◆ **Exercise**:
Begin at the line containing "this 640×480 image." and reproduce every line through the end of the entries below. Nothing else should appear.
■ ■ ■
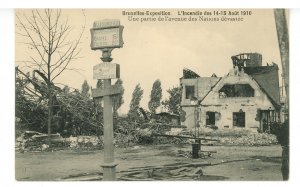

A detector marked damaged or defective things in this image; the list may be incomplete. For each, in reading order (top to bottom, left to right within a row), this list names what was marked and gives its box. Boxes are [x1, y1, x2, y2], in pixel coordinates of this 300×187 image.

burned building facade [180, 52, 282, 131]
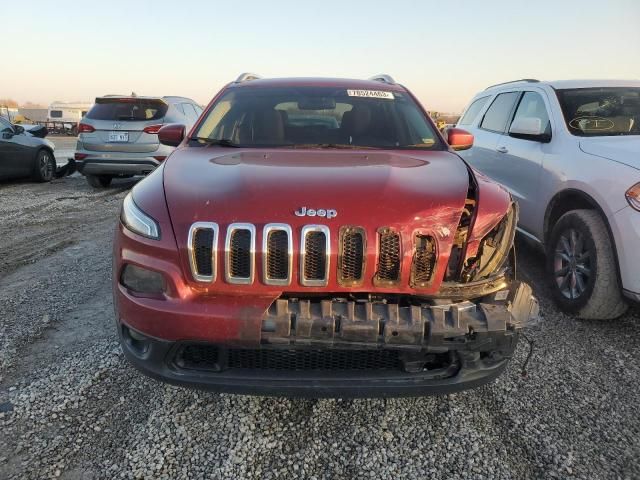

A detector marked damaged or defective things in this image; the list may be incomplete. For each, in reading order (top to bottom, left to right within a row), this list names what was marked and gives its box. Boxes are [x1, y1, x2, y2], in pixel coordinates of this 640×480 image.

damaged red jeep cherokee [112, 74, 536, 398]
crumpled front bumper [117, 282, 536, 398]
■ ■ ■
◆ **Answer below**:
A detector marked damaged or defective things in this image; the list may be incomplete. For each, in reading order (top to bottom, left to right within a row), this list names what was marked and gives its box. Boxes are [x1, y1, x2, y2], in pixel coordinates of this 640×480 image.

damaged red jeep cherokee [112, 74, 536, 398]
crumpled front bumper [117, 282, 536, 398]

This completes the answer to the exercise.